Food & Drink

Debbie Moose: What happens when hipsters get ahold of Mason jars

Debbie Moose asks, “What has been happened to the iconic Mason jar?”
Debbie Moose asks, “What has been happened to the iconic Mason jar?” TNS

I was involved in canning before canning was cool. Actually, when it was hot – very hot.

It was in my parents’ un-air-conditioned kitchen as my mother turned my vision of heavenly, sleeping-in summer mornings into sweaty, red-spattered hell.

When the backyard garden ejected barrages of tomatoes during high summer, they landed on the counters in mounds. At 8 a.m., my mother’s face already would be glazed with sweat as she dipped tomatoes into simmering water, where they emerged sans peels, looking like skinned knees. The acid reek alone, despite every window being open, was enough to snap me awake long before she would shout to get in there and get to work.

Worst of all: the cumulonimbus of steam from water boiling in the big canning pot, wherein sat Mason jars, their rings and lids, waiting to be filled with tomatoes, replaced in the pot and processed.

I would no more use one of those Mason jars as a drinking glass than I would employ a dented fender from a car accident as a spoon. In a restaurant, if I am handed my iced tea in a Mason jar, I want to ask, ‘What happened? Could you not afford to fill up at the gas station and get the giveaway this week?’ ”

I was raised to believe that jelly jars were meant for jelly, mayonnaise jars were meant for mayo and Mason jars were meant to contain the suffering of my summers.

Not everyone thinks the same way these days, judging from a talk I heard recently at the Southern Foodways Alliance Symposium in Oxford, Miss.

Today, about one-third of sales of Mason jars are to craft markets, said Gabe Bullard, a former Neiman Fellow who now works with National Geographic.

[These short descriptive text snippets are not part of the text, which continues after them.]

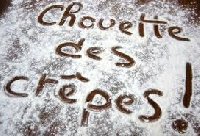 photo de la sortie Cr&ecirc;pes avant soir&eacute;e ann&eacute;es 80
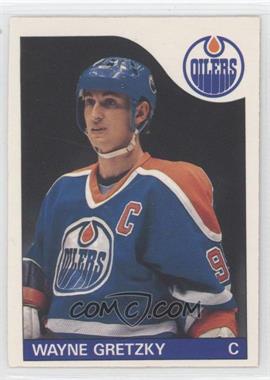 1985-86 O-Pee-Chee - [Base] #120 - Wayne Gretzky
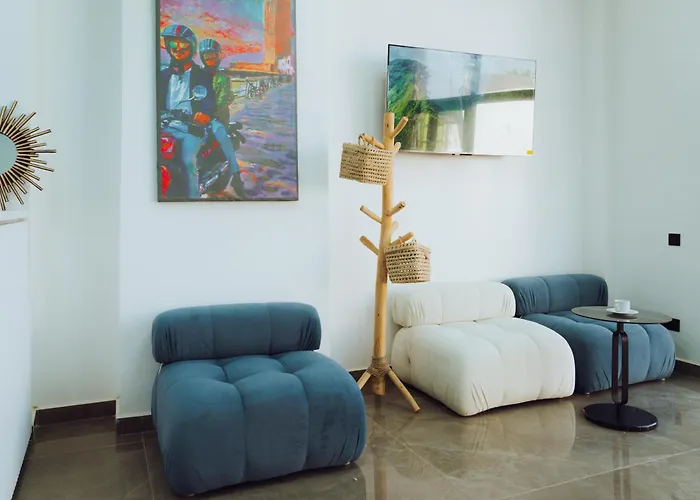 Dakhla Hotels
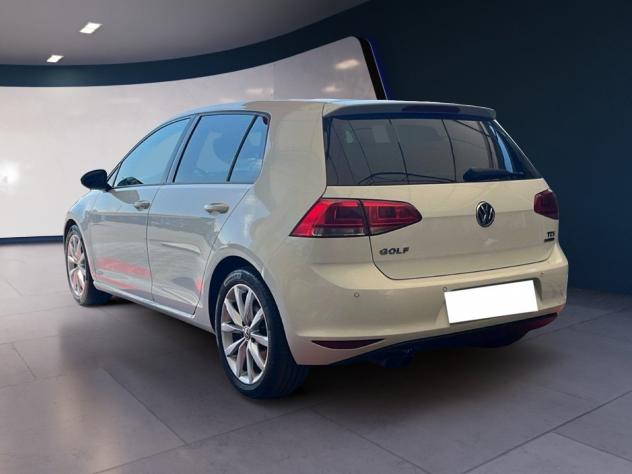 Volkswagen Golf 1.6 TDI Highline BlueM. Tech 4Motion - Foto 5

He gave a talk described as being on “the history and present hipness” of the jars.

He then showed an appalling selection of Mason jar co-opting including one with a handle, covered in leather, intended as a coffee mug. Another was a slide of a “Mason jar picture frame,” which consisted of dropping a photo inside a jar. Judging from the location of the shot, someone thought these “frames” would class up the tables at a wedding reception. They looked to me like the bride and groom were sending save-us messages from a deserted island.

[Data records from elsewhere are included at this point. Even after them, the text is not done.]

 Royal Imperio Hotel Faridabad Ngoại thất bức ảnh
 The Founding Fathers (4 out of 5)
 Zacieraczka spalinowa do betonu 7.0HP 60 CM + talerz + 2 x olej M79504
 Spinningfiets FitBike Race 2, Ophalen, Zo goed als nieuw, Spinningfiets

I have seen Mason jars used as vases on restaurant tables and as the globes of chandeliers.

And they all still look like Mason jars.

The jars were invented by, yes, a Mr. Mason, in 1858 because people needed sturdy containers in which to preserve food before the existence of freezers or the need for fake firefly lamps.

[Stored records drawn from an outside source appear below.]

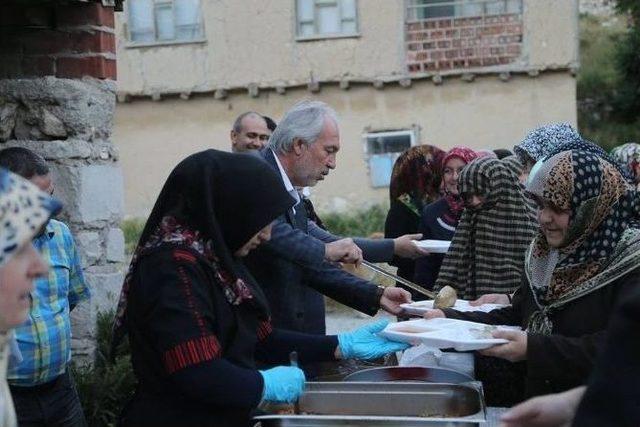 Perli, Yenibosna Ve Çalca’da İftar Coşkusu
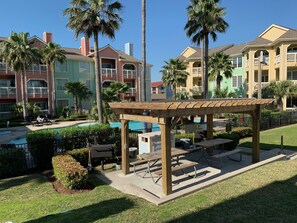 Servei de restauració a l'aire lliure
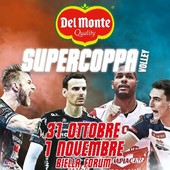 Del Monte Supercoppa: Lunedì a Biella si alza il sipario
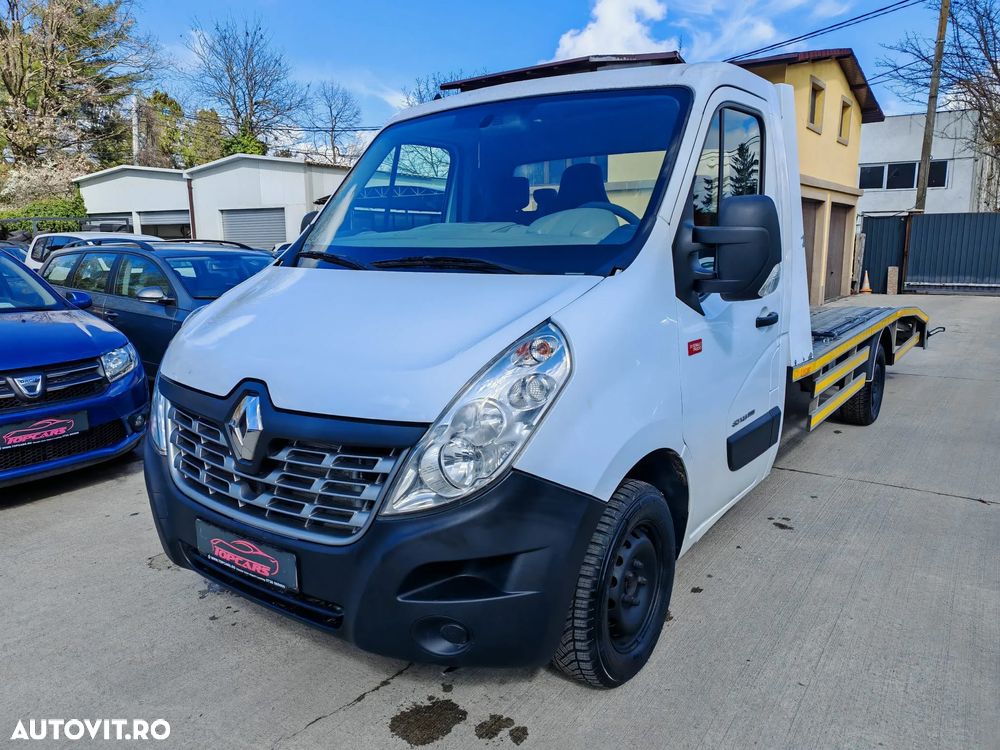 Renault MASTER - 1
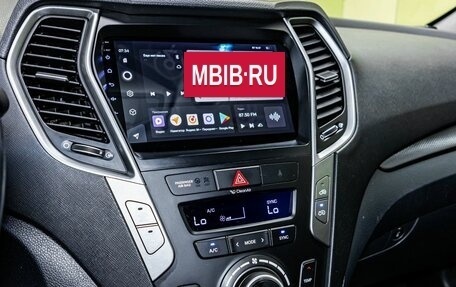 Hyundai Santa Fe III рестайлинг, 2017 год, 2 250 000 рублей, 20 фотография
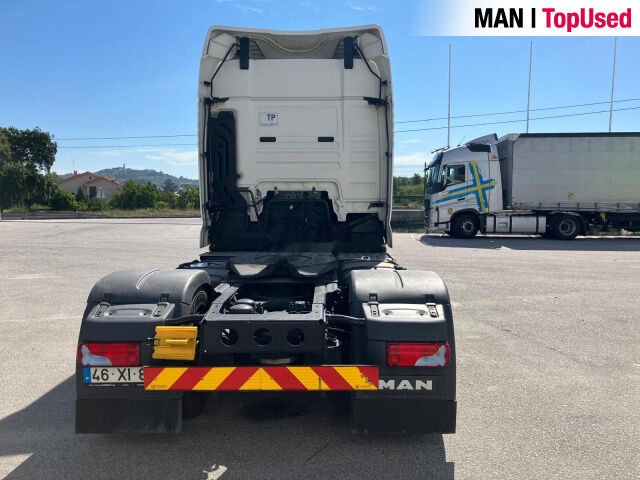 MAN TGX 18.500 4X2 BLS - Тягач: фото 5 MAN TGX 18.500 4X2 BLS - Тягач: фото 5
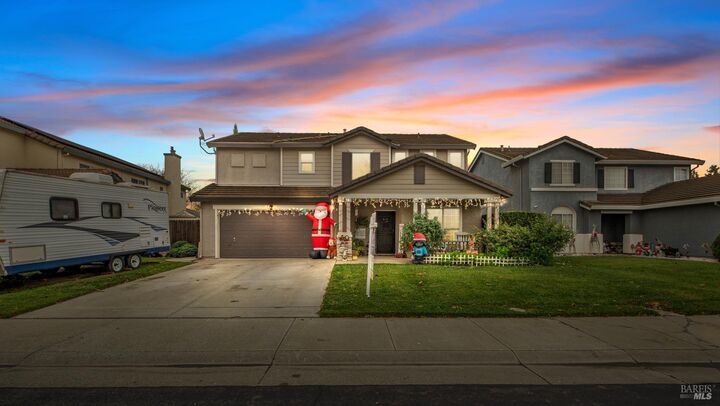 Property Photo:  380 Manning Way  CA 95620 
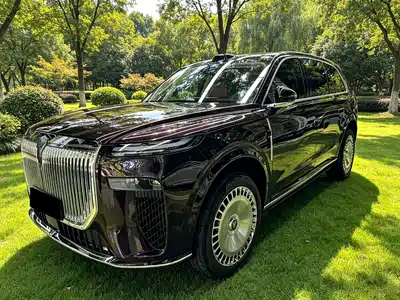 Voyah Auto Taisan 2026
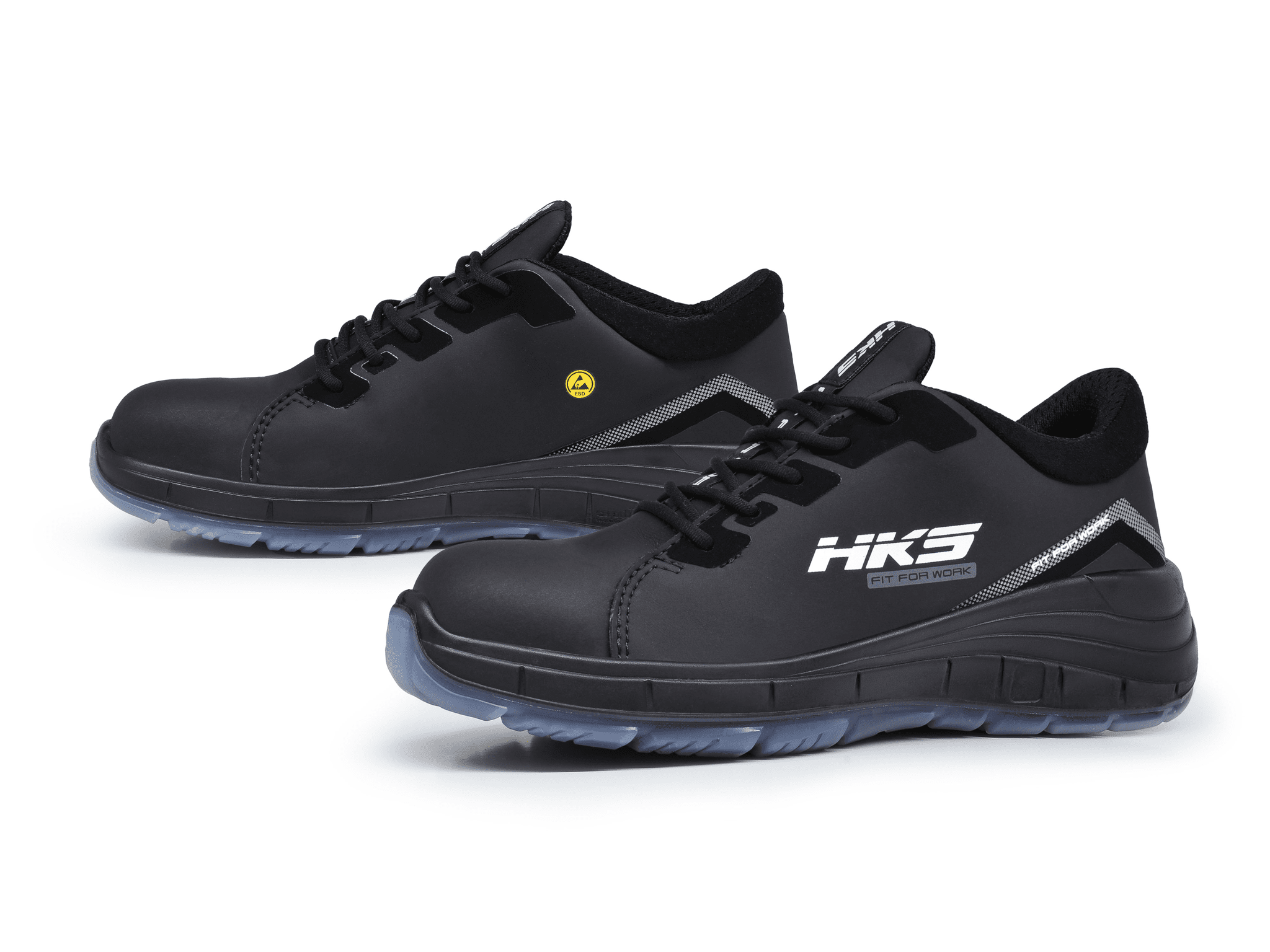 HKS® Blackbird Sicherheitsschuh EN ISO 20345 S3L SR FO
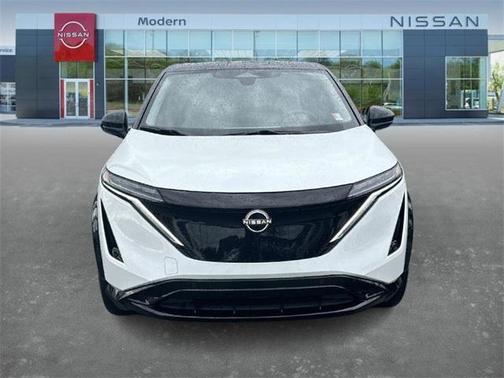 2025 Nissan ARIYA EVOLVE+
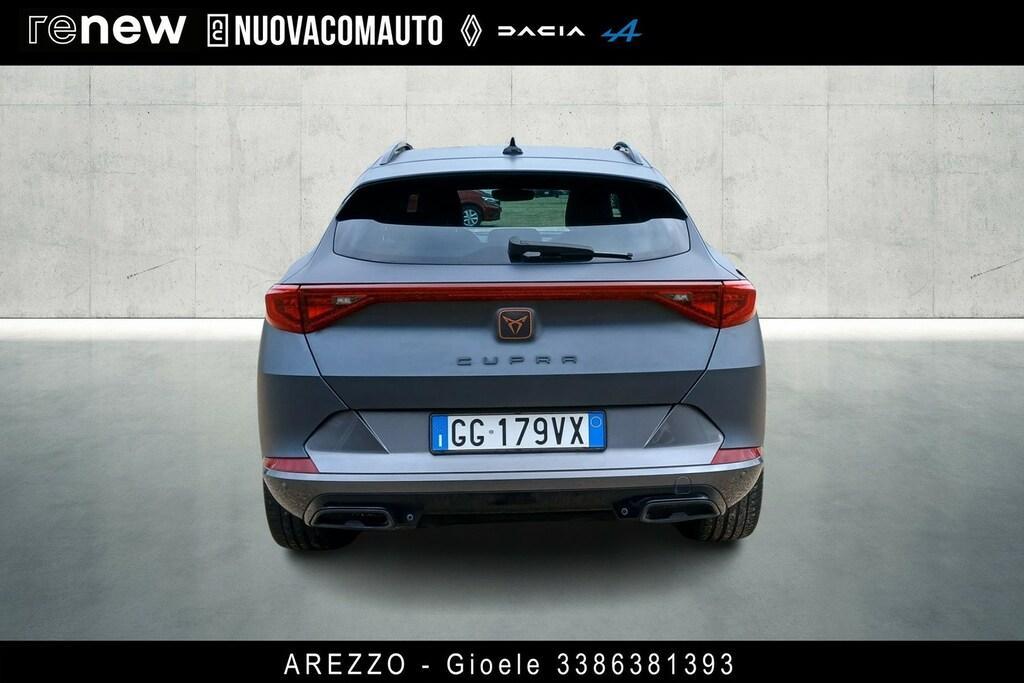 Cupra Formentor 2.0 TDI 4Drive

“They’re reusable and cheap because they had to be,” Bullard said. “They don’t go away. They’re like the alligators of kitchenware.”

By the time of the Great Depression, preserving fruits and vegetables in jars was so popular that thousands of community canneries had sprung up across the country. The facilities, often established by counties or at high schools, would allow people to can produce in amounts much larger than they could at home, for a small fee. According to information from the North Carolina state archives, in 1934 there were 16 canning centers in Iredell County alone.

Canning continued to rise during World War II, as victory gardens contributed to the war effort. But by the end of the war, canning – and Mason jars – mostly dropped off the food world’s radar screen.

That’s why, when I got over my childhood trauma and began canning my own jams and pickles, people thought I was nuts – nobody under age 80 was doing that. I had to stalk old-time hardware stores for jars, since alligators were not native to Raleigh.

A few years ago, canning got hot again – but it had been seized by the hipsters Bullard mentioned. Now people want to know if I smoke my figs before turning them into jam or where to find fresh local turmeric root for pickles.

And the poor Mason jar has become a symbol.

“When Southern food blew up, the Mason jar moved to tony restaurants. It moved from meaning down on the farm to meaning straight from the farm,” Bullard said. “The jar is starting to become a cliche, especially since the patent expired so anyone can make something that looks like a Mason jar.

“It used to be history. Now it’s not saying anything.”

Put dried beans and little candles in the bottom? How about fake Christmas trees and water, like a country-fied snow globe?

These are just a couple of the ideas from the miasma of Pinterest, and they look like things a first-grader made in vacation bible school.

For me, Mason jars still say a lot, but they will never say anything remotely connected with a church unless it’s about fire, brimstone and hot tomatoes.